Lemmings

It seems like folks are giving me more antidotes but no empirical studies to support their claim. Maybe I will give you one at the end of this post. One good turn deserves another.

Two quick comments. It seems like a vocal minority never bothered to read the research papers presented. How can we carry on if any evidence presented is ignored? People continue to believe that elites do not admit students who are unable to do the work they went there for, after I posted the Duke study that shows exactly that.

Secondly, I don’t think misrepresenting someone is terribly helpful. If I were to say “adcoms sometime make mistakes”, I know it will become “Canuckguy think adcoms are clueless” very quickly. Just quote me instead. This will help to facilitate communication.
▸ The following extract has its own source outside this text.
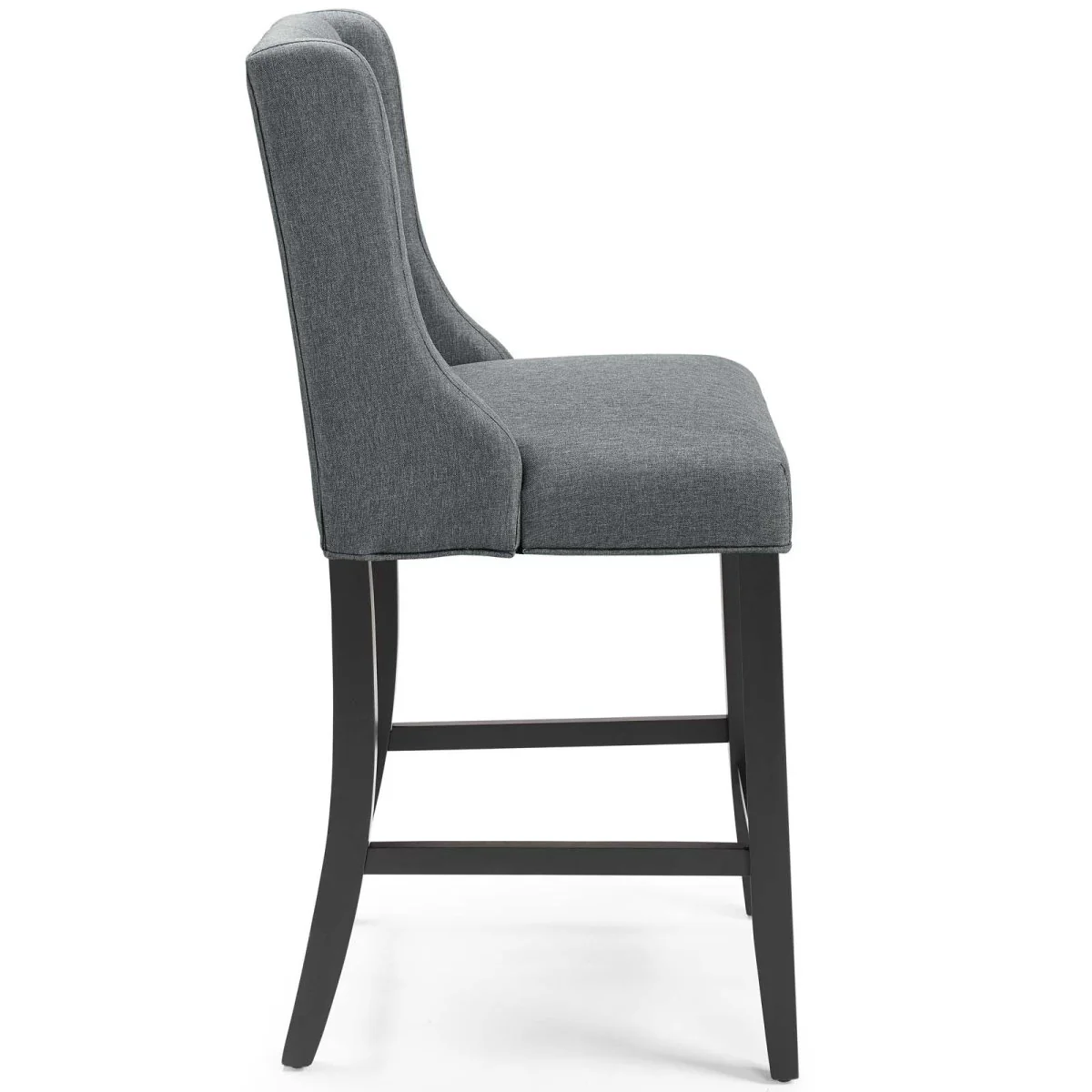 42" Tufted Fabric Counter Bar Stool Set of 2 — Comfortable Contemporary Seating for Kitchen - Image 17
Since someone mentioned behavioural economics, here is a quote from a pioneer in the field, Vernon Smith:

Caltech was a meat grinder like I could never have imagined. I studied night, day, weekends and survived hundreds of problems,
I was majoring in physics, but switched to electrical engineering, which was in the same division (Mathematics, Physics and EE) as a senior. In this way I did not have to take the dreaded “Smyth’s course,” required for physics majors, but not EE, and received my BS on schedule in 1949
After Caltech, Harvard seemed easy, and I got virtually straight A’s. …Graduate school is an endurance test, but was not that demanding for me after having survived the undergraduate meat grinder.
The difference between Harvard and Caltech? “At Harvard they believe they are the best in the world; at Caltech they know they are the best in the world.”
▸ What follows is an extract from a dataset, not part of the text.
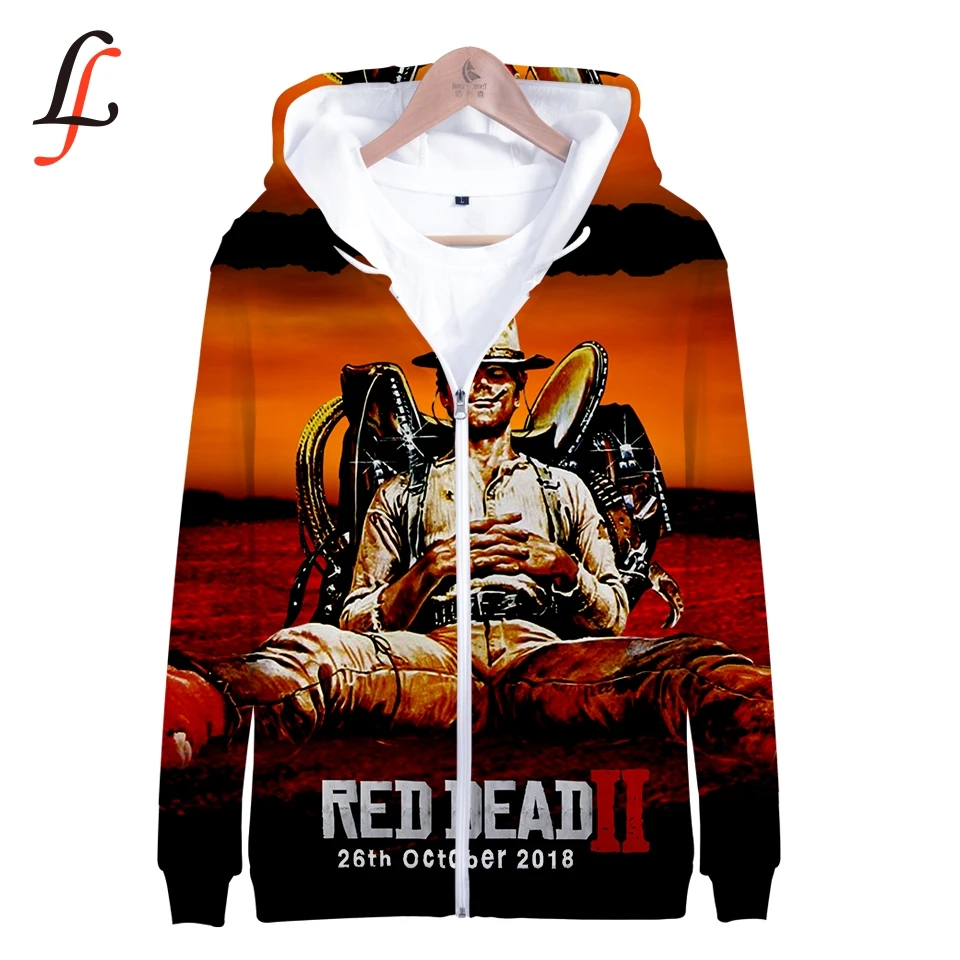 Kpop Zipper Hoodies Sweatshirt Red dead 3D print Women Men Streetwear Oversize outwear Hip-Hop Bangtan Boys Jimin Clothes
I suspect some of you will jump to the conclusion that “Smith said Caltech is harder than Harvard”. I think a more nuance opinion is that Smith finds Caltech physics harder than Harvard economics. Nothing earth-shattering really. I think he has a point.
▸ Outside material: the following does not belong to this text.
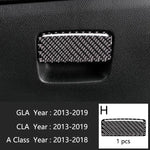 Car Styling Carbon fiber interior button panel Decoration Cover Trim Sticker frame Fo alternate view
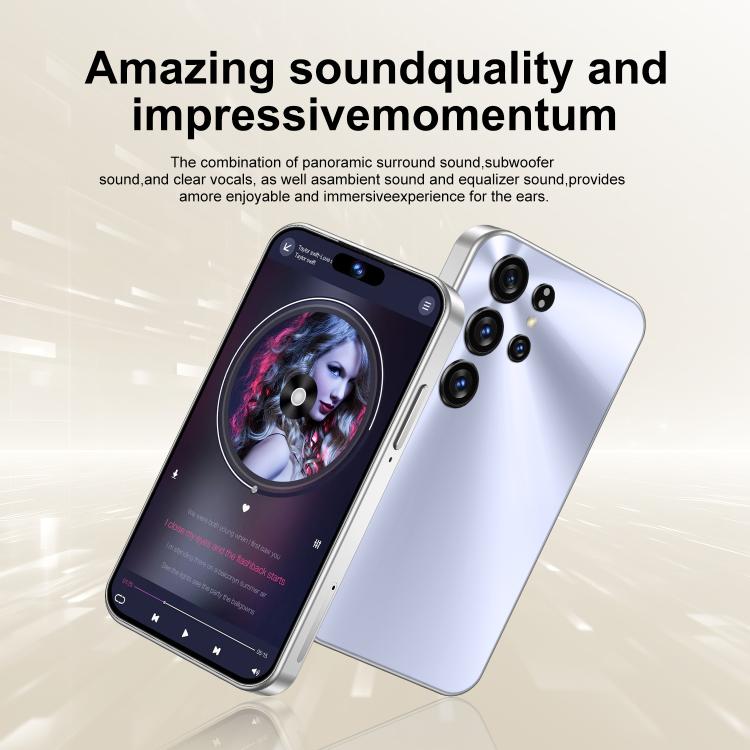 S25 Mini / ZKM10, 2GB+16GB, 4.0 inch Android 10 MTK6580M Quad Core, Network: 3G, Dual SIM(Purple)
@alh Very good observation.My concern with employability knows no bound. Is it because I grew up in boarding houses, where drunks falling off the stairs woke me at night? (One died, btw). Or perhaps because my father told us that food does not fall from Heaven? Don’t know.

It also confused the result with the ‘raw material’ so to speak. There is significant drift within MIT once you arrive toward certain engineering disciplines.

There are a number of reasons for this, but in my conversations with students, the driving factor is economic: every single message these students hear, at and outside of MIT, is “if you don’t know how to program and/or make machines (that) do stuff, you will have your job taken the the programs/robots other people are making.”

When I was a graduate student in CMS/W at MIT, I went to the career fair to talk to the folks from ESPN, thinking they’d be interested in people studying new media. Alas, they were only recruiting Course 6.

MIT recently announced a Course 6 minor. In principle, this should help by allowing students to train/credential themselves with an MIT CS education while majoring in their primary discipline/topic of interest. We’ll see if it works in practice.


I came here because a couple people messaged me to say that in this thread there were Wrong and Bad Opinions (“someone is wrong on the internet!”). After reading the most recent 5 pages, I can see most of the points being discussed, although I think @Pizzagirl’s characterization of the MIT rep is actually pretty dated (and deservedly so).

I do take issue with the frame of the thread, though. It’s unfair, to my mind, to characterize students choosing engineering as lemmings, a metaphor that implies a kind of mindless following behavior, when in fact these students are in the main choosing to heed the “code or die” message broadcast by everyone from the highest levels of government and industry down to the recruiters at the local career fair.

As a graduate of / lecturer in SHASS, I’ve found my students to be outstanding, thoughtful, and profoundly engaged in the humanistic and social sciences. If you think the numbers on the first page make MIT students narrow, idk what to tell you ¯_(ツ)_/¯

Thank you. But if lemmings implies mindless following and students are choosing to code or die for external reasons, I’m not sure where that leaves this thread.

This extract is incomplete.